Now, a new documentary on CCR (Travelin’ Band: Creedence Clearwater Revival at the Royal Albert Hall) is currently available on Netflix. It centers around the band’s speedy late 60’s rise from a struggling California rock n’ roll band to global superstardom by 1969. The centerpiece is a 1970 concert played at London’s Royal Albert Hall, at the height of the band’s popularity, and in the wake of the shocking breakup of The Beatles. Jeff Bridges narrates the proceedings and explains how the band was poised to fill the void left by the lads from Liverpool upon their demise.
While that sentiment is perhaps a bit overblown, as the band would never quite reach the ground-breaking levels of musical experimentation or popularity of The Beatles, the short documentary is nevertheless an illuminating account of the rapid rise of Credence Clearwater Revival from local California rockers to one of the most era-defining groups in American musical history.
It is conventional wisdom that CCR eventually fell apart in 1972 due in large part to the songwriting burden shouldered almost solely by John Fogerty, as well as “artistic control” and business issues revolving around the band and its success. The personal riffs this all caused between John and the other three members of the band (including John’s older brother, Tom, on rhythm guitar) would prove to be insurmountable.

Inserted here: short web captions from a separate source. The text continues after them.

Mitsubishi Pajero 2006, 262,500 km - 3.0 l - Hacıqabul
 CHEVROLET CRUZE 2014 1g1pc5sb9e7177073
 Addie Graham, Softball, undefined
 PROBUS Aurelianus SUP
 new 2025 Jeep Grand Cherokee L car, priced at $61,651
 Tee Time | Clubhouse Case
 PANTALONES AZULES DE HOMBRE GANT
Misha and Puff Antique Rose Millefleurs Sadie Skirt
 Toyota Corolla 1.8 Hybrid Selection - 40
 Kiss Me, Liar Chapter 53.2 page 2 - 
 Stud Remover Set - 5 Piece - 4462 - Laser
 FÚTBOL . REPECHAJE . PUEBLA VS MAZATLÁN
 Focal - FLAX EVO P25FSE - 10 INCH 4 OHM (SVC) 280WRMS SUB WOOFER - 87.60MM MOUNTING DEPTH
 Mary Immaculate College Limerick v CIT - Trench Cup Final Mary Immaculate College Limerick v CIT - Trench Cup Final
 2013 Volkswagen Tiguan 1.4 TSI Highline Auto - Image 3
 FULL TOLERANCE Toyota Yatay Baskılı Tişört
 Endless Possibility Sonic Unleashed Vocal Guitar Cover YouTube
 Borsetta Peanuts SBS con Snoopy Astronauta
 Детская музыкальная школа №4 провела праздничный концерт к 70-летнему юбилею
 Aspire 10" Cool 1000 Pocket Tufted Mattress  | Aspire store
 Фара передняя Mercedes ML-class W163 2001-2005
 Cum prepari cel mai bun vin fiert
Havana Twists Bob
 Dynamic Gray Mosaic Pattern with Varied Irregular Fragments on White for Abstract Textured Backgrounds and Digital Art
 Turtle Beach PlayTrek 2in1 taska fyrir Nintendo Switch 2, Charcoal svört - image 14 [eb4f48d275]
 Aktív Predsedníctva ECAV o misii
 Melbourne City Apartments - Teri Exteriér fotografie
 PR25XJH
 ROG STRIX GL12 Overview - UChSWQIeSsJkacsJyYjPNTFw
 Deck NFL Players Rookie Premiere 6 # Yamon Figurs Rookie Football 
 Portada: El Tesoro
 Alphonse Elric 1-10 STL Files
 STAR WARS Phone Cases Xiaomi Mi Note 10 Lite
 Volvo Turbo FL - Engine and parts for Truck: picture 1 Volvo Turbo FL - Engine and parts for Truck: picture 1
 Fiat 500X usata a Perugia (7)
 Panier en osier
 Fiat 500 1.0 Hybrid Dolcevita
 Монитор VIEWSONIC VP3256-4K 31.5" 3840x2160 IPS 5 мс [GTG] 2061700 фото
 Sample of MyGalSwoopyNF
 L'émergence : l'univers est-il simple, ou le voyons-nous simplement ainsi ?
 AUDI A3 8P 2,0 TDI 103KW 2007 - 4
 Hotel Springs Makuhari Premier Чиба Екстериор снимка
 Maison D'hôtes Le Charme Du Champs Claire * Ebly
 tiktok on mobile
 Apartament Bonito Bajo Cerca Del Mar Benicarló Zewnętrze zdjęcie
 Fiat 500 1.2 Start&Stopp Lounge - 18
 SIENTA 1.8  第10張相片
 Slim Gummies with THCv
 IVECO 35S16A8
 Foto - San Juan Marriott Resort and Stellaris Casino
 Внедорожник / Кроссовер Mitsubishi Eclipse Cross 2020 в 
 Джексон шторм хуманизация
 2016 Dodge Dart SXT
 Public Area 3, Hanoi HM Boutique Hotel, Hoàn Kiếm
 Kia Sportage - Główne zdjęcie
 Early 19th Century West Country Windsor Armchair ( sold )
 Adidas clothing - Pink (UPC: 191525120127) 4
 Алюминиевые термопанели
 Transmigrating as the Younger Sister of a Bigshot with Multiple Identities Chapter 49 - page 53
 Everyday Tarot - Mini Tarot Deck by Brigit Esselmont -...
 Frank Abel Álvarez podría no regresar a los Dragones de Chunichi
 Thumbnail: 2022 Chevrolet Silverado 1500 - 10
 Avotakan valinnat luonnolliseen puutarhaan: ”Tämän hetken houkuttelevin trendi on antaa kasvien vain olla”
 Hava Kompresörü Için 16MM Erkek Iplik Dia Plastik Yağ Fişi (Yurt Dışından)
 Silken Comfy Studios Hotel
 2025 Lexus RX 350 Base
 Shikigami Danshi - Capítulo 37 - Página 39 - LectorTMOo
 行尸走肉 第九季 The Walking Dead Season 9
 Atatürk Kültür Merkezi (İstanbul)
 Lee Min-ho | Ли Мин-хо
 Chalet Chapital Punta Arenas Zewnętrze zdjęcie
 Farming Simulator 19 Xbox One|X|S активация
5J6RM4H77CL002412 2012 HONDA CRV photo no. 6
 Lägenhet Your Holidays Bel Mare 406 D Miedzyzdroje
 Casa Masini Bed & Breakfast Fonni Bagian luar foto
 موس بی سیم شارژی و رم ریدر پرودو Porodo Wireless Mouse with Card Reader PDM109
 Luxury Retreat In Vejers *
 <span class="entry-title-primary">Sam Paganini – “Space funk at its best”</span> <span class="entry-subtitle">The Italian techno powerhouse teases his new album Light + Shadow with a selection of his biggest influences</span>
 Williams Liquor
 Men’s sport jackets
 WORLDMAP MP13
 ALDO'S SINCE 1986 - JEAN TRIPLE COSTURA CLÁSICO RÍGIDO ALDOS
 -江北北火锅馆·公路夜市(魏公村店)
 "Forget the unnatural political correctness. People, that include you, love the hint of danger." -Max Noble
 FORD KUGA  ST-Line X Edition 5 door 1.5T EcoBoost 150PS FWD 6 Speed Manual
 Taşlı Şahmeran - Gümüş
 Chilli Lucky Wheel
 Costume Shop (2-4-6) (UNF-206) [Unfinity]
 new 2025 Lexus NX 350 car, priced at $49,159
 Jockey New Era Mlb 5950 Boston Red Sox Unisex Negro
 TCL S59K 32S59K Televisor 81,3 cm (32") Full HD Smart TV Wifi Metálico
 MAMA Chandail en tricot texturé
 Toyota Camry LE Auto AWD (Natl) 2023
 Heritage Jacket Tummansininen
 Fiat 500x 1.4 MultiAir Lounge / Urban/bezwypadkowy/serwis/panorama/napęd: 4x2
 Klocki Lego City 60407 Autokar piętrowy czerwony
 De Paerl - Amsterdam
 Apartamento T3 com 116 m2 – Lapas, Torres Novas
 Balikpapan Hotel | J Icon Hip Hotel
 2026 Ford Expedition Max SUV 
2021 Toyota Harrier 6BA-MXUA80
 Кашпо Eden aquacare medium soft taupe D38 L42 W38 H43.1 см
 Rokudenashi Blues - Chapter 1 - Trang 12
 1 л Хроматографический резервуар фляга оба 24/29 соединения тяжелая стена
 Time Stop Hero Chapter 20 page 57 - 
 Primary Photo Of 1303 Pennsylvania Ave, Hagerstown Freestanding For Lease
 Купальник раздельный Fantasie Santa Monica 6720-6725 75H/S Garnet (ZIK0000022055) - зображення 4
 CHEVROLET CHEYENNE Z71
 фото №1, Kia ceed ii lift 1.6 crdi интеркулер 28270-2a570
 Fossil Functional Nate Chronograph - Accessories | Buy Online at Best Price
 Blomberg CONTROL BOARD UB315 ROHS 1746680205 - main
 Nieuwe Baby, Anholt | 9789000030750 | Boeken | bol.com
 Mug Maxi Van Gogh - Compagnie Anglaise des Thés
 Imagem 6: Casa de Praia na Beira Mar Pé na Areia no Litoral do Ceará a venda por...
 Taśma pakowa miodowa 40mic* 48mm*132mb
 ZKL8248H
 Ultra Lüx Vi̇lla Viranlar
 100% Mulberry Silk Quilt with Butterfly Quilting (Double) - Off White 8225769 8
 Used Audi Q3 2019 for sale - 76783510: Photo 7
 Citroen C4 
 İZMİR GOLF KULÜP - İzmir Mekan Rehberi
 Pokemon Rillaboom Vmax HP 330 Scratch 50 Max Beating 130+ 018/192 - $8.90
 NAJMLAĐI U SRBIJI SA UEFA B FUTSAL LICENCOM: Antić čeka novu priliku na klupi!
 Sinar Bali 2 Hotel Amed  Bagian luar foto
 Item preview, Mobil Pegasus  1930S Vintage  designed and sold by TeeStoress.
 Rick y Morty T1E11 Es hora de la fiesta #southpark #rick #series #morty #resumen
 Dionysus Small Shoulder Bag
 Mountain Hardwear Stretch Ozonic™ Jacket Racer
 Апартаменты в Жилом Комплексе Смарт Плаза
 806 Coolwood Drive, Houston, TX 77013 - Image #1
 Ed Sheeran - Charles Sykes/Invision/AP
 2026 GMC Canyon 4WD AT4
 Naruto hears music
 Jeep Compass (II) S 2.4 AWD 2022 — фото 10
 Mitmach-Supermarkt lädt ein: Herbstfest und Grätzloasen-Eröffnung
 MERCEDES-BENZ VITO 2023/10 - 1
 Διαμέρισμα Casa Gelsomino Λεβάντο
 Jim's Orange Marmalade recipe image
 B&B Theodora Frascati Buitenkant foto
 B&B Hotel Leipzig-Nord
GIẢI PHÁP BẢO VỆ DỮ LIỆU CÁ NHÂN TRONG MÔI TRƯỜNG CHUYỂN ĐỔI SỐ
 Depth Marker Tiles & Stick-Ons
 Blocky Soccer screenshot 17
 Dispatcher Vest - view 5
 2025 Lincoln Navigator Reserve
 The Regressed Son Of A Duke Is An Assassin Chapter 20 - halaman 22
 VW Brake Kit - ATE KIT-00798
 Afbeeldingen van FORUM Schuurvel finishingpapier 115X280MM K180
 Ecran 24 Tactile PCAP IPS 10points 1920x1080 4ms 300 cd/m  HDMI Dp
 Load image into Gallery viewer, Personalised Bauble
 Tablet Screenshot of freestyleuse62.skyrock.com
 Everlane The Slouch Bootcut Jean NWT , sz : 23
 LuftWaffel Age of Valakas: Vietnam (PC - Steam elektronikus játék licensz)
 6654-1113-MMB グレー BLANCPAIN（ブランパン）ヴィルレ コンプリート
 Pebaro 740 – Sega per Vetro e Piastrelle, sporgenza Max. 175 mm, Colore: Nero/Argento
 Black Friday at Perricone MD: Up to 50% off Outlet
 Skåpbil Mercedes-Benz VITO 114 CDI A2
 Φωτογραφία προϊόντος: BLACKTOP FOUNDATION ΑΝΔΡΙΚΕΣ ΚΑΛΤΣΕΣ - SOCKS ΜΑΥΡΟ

The documentary does not touch at all on those aspects of the band’s history, other than to obliquely refer to some tension around the too-slow pace of the other three band members’ ability to progress musically on their instruments. Netflix’s Travelin’ Band is an exploration of the group’s rise and zenith rather than a chronicle of its fall.
The build-up to the Royal Albert Hall show is more intriguing than the rock show itself. We learn that CCR was the first major act signed to headline Woodstock, that it took a couple of cover songs to really kickstart the band’s rise, and that John Fogerty wrote some of his most iconic songs — about the American south — without ever having set foot in the region.
The Royal Albert Hall show itself lays bare the band’s lack of complex sonic texture and breadth of songwriting skill. They undoubtedly wrote and performed some absolute rock n’ roll classics, but never really progressed beyond a relatively simplistic formula (with the exception of a few songs), in which John’s lyrics and vocal style carried most of the weight. The music itself was your standard 50s and 60s rock and blues, and never moved much beyond that.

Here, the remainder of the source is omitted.